_What to work on_
Reproduce only what runs from the line containing "Luxury Watch for" to the line containing "Aegero Pack of" in the records below, inclusive. Keep it exact, and keep the pictures out.

_Records for this exercise_
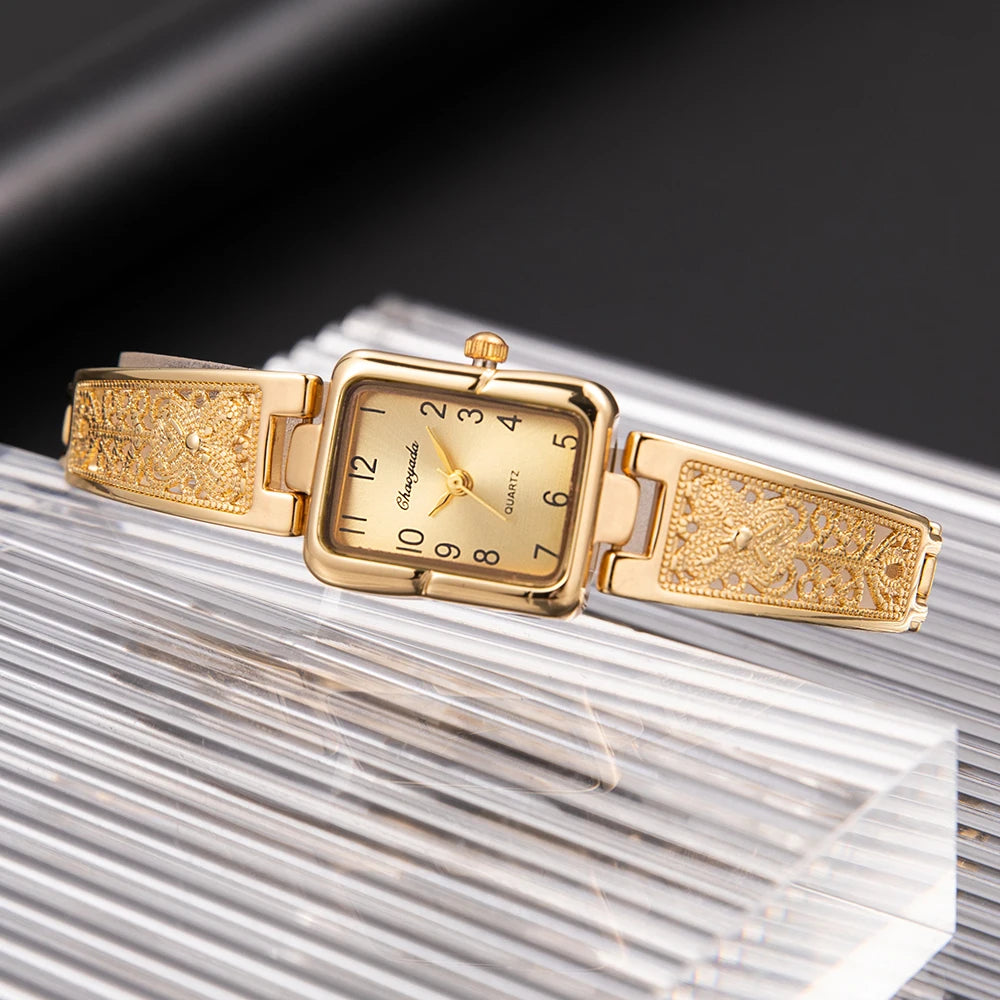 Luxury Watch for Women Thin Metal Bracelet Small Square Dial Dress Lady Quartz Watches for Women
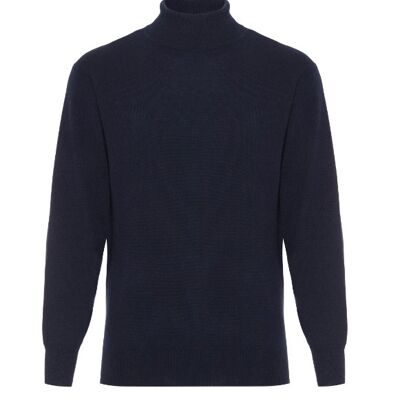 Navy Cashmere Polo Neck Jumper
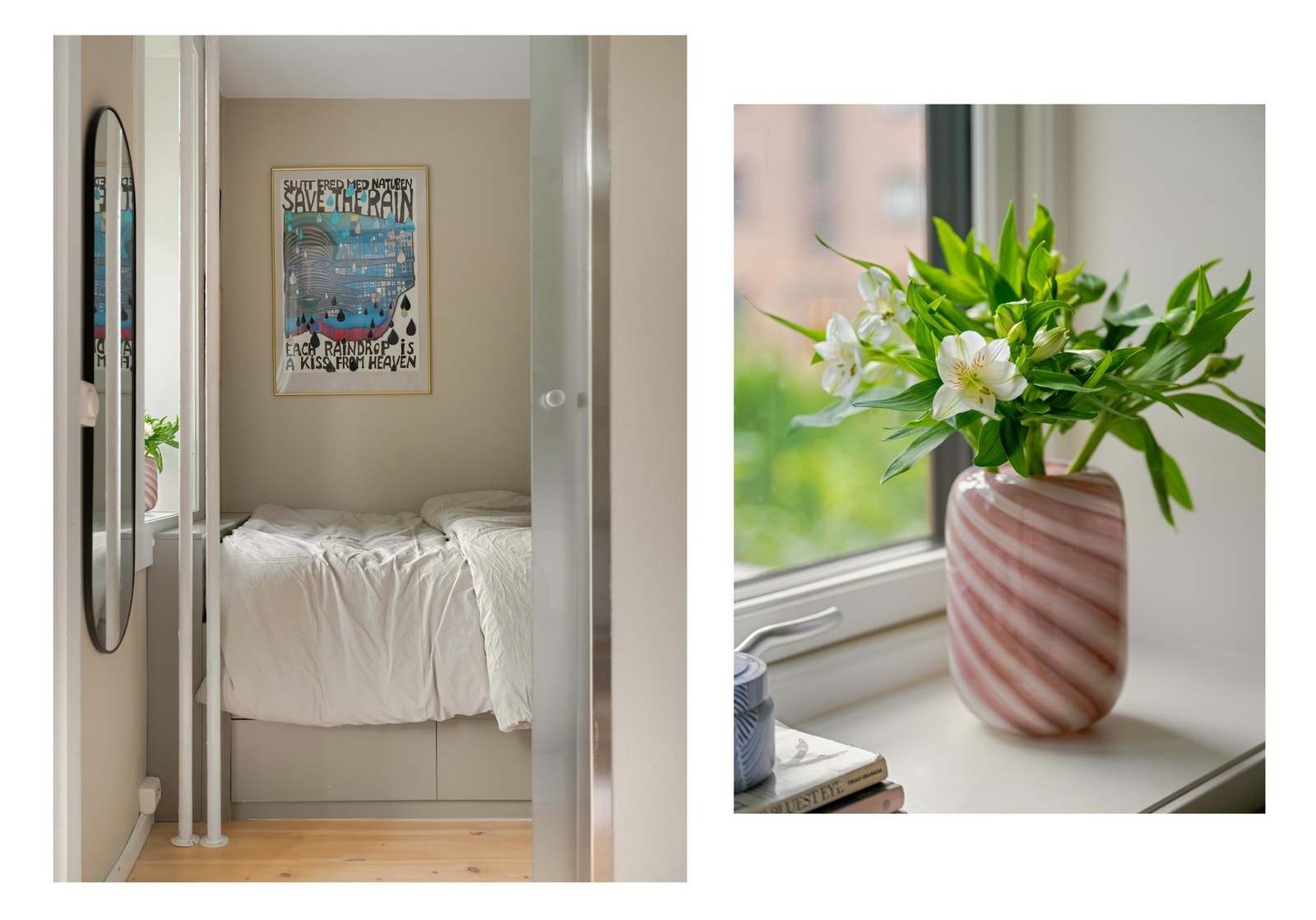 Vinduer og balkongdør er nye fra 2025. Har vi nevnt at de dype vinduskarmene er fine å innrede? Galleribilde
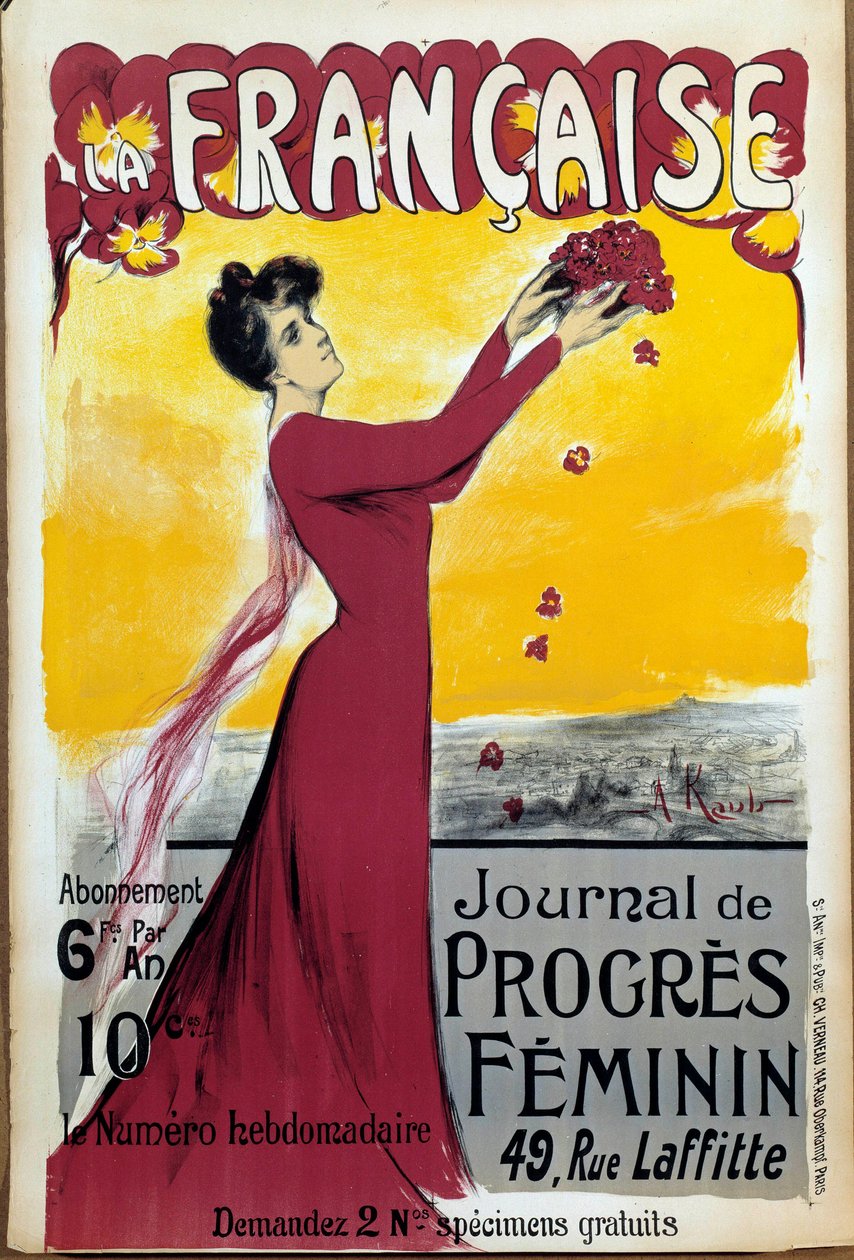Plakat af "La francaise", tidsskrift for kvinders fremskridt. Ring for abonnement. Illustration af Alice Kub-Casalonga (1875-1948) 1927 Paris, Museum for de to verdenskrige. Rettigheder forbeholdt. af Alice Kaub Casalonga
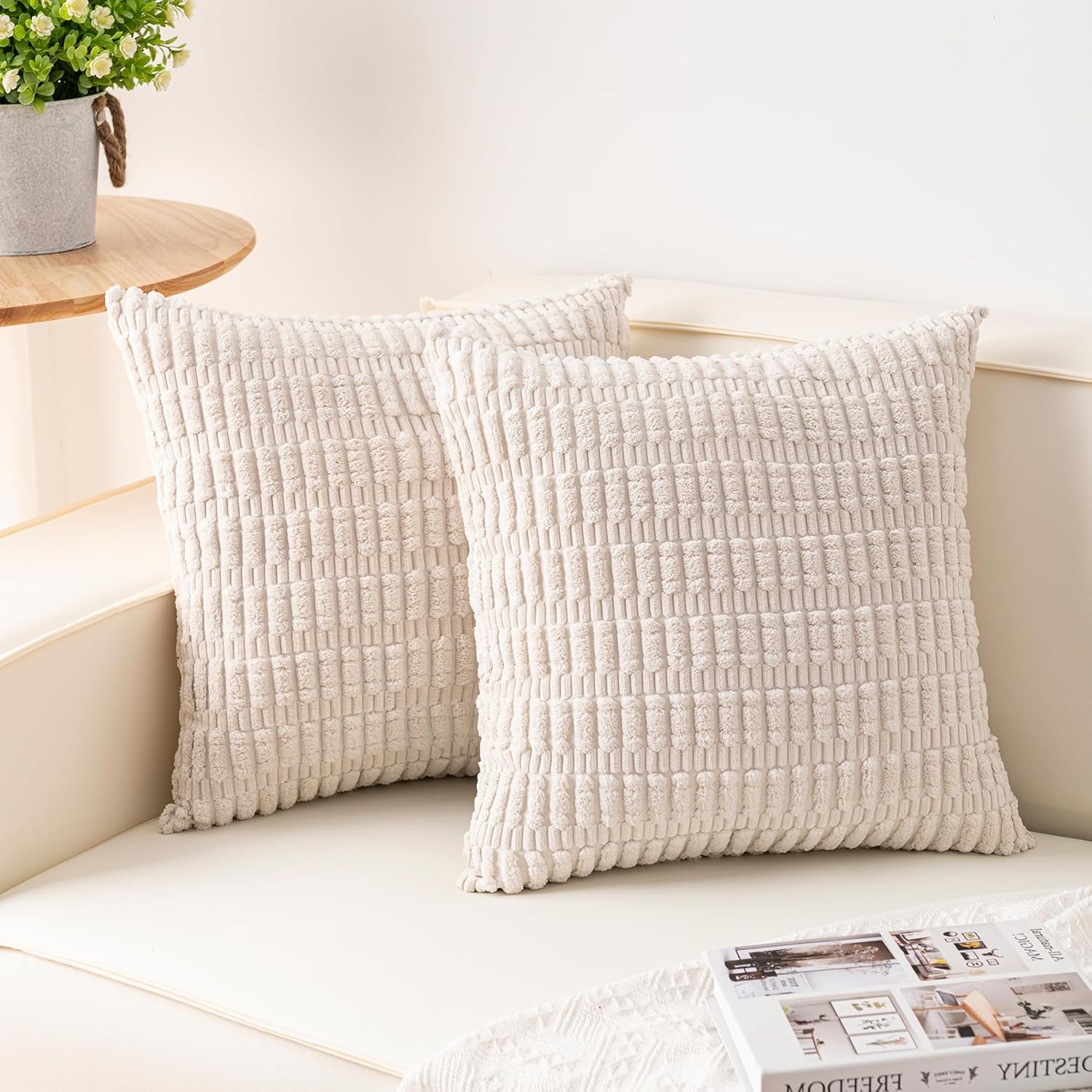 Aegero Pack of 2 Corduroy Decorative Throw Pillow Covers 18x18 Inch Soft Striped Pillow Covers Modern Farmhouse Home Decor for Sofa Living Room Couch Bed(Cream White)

==

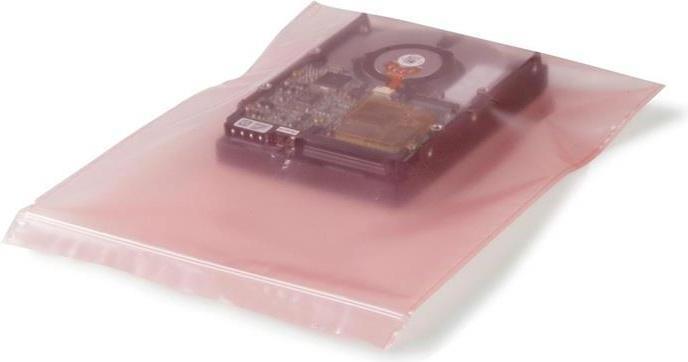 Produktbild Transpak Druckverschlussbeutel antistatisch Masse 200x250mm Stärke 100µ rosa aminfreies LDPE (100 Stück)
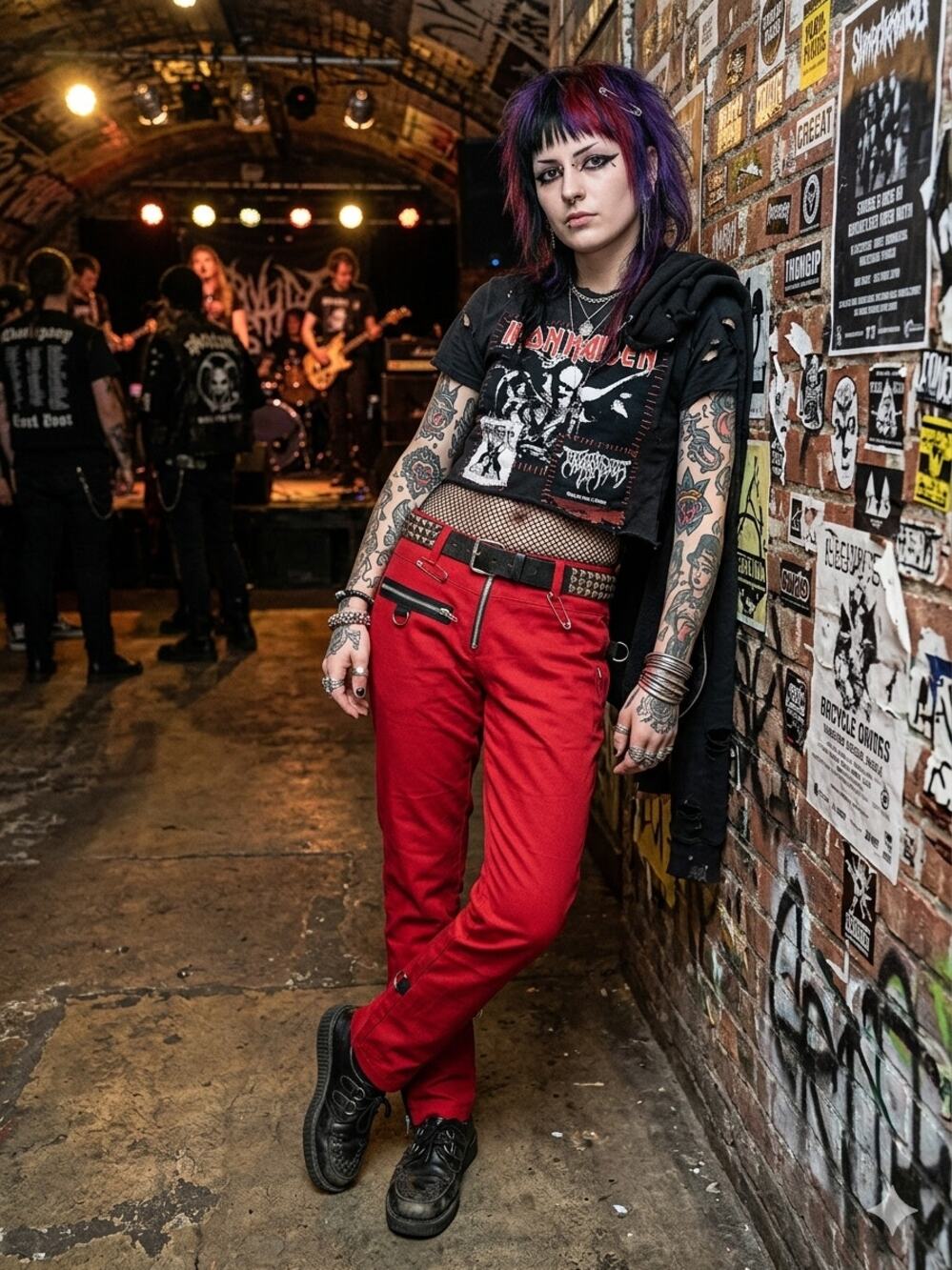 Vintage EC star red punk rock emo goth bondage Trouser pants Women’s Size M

_Completed exercise_
 Luxury Watch for Women Thin Metal Bracelet Small Square Dial Dress Lady Quartz Watches for Women
 Navy Cashmere Polo Neck Jumper
 Vinduer og balkongdør er nye fra 2025. Har vi nevnt at de dype vinduskarmene er fine å innrede? Galleribilde
Plakat af "La francaise", tidsskrift for kvinders fremskridt. Ring for abonnement. Illustration af Alice Kub-Casalonga (1875-1948) 1927 Paris, Museum for de to verdenskrige. Rettigheder forbeholdt. af Alice Kaub Casalonga
 Aegero Pack of 2 Corduroy Decorative Throw Pillow Covers 18x18 Inch Soft Striped Pillow Covers Modern Farmhouse Home Decor for Sofa Living Room Couch Bed(Cream White)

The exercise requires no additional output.